TO DO:
The number of lines in the entries below holding the word "Module" is all that is needed here.

##### DATA #####

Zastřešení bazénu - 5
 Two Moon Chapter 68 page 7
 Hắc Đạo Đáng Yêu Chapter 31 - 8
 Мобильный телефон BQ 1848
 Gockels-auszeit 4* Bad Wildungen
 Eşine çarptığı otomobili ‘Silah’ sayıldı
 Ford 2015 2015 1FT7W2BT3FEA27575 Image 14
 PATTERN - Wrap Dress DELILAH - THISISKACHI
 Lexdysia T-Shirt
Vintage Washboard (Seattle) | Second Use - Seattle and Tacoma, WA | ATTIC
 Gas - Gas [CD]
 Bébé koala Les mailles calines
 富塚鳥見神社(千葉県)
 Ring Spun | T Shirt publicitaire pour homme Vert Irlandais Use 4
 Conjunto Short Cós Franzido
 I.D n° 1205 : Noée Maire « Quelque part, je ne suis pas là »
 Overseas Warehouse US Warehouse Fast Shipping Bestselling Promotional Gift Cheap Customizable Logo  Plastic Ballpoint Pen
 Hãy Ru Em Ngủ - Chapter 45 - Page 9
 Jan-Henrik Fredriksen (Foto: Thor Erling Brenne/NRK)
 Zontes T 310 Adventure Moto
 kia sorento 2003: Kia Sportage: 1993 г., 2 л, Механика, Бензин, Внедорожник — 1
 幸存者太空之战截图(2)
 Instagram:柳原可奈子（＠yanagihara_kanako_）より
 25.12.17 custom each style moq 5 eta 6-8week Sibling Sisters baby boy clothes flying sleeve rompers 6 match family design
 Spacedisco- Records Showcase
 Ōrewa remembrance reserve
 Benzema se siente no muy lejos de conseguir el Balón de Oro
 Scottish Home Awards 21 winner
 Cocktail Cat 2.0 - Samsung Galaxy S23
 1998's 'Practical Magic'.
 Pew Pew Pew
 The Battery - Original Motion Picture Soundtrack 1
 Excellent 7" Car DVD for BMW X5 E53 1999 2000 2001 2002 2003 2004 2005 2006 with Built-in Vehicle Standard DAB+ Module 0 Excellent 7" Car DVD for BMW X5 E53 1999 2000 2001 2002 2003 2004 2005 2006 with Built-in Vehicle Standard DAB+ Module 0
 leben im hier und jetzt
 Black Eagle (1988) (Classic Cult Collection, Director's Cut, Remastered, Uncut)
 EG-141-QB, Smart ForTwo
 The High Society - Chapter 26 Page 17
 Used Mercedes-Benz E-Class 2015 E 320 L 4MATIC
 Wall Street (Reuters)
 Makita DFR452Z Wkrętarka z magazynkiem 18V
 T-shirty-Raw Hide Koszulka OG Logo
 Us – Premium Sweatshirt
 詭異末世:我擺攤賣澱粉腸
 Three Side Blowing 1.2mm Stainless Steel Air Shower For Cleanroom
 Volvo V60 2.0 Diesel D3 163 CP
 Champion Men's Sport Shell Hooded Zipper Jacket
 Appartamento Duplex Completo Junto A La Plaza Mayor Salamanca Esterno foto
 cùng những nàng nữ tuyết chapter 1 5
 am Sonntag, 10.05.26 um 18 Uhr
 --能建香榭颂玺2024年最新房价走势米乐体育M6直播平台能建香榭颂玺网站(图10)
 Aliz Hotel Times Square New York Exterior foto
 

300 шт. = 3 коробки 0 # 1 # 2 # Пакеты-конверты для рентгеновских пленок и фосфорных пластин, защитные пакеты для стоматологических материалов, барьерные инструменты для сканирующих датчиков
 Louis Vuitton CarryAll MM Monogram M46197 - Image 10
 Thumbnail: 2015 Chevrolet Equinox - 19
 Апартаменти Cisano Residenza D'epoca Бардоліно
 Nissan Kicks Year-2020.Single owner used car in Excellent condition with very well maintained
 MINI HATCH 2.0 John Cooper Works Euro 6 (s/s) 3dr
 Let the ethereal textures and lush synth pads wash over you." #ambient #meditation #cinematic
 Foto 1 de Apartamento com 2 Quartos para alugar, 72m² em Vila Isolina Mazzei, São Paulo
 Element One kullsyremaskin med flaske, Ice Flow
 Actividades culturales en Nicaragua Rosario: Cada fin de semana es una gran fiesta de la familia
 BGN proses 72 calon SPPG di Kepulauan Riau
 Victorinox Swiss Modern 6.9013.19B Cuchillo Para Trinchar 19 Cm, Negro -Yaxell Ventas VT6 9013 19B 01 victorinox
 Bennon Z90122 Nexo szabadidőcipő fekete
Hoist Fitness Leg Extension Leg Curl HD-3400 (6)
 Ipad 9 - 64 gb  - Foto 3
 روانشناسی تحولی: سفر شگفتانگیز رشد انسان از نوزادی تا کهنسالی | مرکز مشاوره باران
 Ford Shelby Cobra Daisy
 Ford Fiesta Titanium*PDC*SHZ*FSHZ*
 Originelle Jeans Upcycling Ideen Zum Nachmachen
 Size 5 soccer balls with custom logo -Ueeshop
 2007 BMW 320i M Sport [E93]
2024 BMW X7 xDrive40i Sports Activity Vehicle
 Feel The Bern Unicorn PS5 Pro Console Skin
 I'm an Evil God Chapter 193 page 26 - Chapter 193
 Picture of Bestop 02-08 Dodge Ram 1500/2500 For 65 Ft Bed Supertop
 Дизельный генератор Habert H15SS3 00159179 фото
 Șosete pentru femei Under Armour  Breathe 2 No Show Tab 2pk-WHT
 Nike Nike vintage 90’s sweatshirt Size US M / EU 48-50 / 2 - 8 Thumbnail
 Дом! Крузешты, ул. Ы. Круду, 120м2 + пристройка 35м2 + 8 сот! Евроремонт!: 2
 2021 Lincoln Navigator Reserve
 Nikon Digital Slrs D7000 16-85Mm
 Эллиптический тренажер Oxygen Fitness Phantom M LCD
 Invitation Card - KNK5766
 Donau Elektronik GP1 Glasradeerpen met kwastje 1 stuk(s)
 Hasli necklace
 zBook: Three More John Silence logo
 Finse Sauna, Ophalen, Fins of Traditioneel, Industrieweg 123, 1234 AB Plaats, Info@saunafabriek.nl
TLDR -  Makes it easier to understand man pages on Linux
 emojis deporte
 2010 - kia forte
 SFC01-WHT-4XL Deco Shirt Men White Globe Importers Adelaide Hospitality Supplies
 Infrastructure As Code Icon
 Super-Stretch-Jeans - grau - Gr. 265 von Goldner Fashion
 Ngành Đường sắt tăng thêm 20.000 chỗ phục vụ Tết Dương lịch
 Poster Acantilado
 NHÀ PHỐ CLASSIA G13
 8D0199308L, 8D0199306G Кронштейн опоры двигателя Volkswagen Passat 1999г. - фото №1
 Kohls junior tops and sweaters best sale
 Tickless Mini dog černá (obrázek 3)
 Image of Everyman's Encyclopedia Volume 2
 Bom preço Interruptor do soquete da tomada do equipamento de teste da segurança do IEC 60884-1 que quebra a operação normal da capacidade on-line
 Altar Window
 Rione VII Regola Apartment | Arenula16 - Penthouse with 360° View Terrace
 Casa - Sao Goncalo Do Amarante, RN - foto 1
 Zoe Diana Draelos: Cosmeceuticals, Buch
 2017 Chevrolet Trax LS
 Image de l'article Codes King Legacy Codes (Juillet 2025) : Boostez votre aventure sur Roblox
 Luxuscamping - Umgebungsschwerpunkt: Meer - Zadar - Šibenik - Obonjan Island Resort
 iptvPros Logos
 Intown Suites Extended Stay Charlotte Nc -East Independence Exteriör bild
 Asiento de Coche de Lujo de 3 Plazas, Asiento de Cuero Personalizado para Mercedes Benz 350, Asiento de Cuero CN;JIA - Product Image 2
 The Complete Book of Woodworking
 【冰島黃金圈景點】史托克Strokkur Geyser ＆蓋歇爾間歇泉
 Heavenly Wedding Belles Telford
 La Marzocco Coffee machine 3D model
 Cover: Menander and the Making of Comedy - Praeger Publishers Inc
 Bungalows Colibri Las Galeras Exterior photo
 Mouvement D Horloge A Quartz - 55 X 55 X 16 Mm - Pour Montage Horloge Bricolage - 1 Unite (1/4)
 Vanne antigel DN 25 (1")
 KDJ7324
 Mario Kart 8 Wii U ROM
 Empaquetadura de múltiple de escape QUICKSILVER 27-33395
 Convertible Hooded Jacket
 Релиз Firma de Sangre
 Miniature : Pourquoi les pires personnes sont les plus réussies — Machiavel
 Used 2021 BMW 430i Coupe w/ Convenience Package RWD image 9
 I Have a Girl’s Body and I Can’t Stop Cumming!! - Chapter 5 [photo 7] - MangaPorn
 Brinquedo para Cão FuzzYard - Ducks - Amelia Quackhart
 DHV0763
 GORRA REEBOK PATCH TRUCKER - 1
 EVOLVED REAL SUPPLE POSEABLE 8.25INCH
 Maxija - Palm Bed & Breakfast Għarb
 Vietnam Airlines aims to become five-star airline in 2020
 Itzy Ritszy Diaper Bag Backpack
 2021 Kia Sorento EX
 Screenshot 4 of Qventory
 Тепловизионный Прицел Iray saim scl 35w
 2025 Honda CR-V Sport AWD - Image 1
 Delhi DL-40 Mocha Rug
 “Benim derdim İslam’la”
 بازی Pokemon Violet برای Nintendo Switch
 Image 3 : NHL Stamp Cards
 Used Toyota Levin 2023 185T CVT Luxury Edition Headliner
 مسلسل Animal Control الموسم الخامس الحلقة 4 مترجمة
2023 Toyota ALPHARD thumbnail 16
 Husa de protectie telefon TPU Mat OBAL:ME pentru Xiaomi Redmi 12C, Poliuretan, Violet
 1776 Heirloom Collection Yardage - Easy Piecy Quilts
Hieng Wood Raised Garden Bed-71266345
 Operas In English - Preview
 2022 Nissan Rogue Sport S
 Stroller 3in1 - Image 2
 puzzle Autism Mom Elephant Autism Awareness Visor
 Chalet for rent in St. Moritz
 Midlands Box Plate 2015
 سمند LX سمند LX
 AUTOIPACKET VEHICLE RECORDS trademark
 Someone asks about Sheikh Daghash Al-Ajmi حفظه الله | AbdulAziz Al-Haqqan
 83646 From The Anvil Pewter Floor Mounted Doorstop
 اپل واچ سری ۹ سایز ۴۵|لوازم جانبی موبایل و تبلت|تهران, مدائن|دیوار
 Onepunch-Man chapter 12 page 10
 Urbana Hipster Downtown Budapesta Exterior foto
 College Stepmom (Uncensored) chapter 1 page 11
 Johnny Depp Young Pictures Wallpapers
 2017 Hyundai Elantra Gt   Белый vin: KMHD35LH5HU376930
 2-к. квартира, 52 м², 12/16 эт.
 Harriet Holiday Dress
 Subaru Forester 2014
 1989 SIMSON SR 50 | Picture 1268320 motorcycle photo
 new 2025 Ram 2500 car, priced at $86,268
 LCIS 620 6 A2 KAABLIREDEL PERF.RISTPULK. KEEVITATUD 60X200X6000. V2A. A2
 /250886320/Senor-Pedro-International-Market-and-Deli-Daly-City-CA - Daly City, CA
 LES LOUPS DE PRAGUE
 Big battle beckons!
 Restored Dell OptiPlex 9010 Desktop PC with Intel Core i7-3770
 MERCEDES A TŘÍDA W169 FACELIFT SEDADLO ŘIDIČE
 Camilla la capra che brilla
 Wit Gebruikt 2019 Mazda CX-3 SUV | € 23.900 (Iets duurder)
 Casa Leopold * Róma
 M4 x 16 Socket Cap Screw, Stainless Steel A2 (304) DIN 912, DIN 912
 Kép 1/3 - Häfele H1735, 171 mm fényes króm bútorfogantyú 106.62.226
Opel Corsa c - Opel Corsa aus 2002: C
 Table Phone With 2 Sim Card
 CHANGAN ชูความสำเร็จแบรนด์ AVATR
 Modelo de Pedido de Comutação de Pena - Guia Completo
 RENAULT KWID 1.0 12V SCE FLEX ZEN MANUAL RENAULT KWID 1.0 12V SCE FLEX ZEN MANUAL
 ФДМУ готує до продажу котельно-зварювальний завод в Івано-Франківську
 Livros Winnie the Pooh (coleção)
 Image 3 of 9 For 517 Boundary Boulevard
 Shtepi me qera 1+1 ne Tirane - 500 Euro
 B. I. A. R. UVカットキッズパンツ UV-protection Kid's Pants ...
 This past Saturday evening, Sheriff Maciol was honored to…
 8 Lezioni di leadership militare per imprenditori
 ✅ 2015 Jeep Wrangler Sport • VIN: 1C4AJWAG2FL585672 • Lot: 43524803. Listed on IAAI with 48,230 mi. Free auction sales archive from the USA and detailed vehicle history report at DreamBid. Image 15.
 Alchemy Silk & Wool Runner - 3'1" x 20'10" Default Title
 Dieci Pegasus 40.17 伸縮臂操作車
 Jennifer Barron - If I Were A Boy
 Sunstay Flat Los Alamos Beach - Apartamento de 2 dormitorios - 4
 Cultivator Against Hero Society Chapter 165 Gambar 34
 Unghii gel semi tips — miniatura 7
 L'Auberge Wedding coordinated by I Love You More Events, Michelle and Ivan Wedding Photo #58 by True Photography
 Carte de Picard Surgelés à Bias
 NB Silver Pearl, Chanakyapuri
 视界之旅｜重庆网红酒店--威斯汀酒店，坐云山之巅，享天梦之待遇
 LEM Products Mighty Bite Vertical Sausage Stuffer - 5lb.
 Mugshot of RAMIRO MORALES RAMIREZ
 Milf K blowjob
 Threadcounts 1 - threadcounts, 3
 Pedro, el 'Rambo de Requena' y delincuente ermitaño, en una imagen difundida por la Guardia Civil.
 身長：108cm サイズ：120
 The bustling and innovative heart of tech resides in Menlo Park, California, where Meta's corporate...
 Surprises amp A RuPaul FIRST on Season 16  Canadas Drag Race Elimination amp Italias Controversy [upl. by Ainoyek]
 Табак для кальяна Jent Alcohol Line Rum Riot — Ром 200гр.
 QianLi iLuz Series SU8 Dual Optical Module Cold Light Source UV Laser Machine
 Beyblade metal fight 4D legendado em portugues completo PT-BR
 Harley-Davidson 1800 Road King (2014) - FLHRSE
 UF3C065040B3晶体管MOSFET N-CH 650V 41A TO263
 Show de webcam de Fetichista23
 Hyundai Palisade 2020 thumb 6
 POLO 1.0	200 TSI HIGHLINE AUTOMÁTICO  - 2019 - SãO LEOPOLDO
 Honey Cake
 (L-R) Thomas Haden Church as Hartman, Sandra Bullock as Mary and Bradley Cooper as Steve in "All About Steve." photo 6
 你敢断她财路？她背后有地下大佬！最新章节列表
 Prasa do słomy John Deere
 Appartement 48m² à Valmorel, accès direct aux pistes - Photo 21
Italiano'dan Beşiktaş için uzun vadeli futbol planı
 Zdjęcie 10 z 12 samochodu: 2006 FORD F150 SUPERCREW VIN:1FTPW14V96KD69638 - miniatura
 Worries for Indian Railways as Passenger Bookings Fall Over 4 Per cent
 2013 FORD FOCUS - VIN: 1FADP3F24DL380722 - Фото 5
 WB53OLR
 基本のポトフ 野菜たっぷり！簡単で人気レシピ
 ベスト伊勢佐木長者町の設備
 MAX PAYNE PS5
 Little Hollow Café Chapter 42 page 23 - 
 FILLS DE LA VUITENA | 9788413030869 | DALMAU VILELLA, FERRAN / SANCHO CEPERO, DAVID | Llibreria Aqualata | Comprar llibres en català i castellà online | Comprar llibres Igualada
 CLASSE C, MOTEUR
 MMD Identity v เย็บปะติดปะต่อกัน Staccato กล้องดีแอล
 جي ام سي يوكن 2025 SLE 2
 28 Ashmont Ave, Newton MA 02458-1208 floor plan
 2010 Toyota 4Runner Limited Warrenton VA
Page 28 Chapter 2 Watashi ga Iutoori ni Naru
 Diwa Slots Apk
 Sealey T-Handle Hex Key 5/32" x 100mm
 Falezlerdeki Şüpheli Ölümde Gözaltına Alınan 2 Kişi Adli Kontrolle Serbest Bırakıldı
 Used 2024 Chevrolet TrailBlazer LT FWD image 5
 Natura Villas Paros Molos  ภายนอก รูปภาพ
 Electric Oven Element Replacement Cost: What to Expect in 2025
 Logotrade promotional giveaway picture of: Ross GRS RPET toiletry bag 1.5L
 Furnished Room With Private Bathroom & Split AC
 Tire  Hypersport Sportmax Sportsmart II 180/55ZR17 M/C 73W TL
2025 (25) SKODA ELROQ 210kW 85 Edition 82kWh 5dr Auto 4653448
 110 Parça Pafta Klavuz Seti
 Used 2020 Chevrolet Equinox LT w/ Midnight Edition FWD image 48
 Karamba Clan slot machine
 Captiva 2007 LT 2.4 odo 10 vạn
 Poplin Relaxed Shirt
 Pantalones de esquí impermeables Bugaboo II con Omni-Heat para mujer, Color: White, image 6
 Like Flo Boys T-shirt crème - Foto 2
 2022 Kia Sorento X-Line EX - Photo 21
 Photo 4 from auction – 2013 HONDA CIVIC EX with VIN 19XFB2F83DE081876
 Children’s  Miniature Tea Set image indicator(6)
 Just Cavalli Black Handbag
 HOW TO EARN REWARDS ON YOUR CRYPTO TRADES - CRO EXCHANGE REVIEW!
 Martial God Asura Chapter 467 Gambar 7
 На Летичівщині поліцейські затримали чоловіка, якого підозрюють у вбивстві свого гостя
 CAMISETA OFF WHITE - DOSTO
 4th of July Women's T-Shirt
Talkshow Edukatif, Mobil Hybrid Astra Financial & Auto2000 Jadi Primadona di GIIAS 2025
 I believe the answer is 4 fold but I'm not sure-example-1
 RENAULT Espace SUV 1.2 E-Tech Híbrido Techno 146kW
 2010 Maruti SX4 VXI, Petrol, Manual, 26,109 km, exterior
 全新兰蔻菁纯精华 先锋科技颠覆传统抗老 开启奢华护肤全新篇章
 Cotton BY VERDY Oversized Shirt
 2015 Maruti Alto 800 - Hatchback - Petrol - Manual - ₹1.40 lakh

#####

EXERCISE ANSWER:
2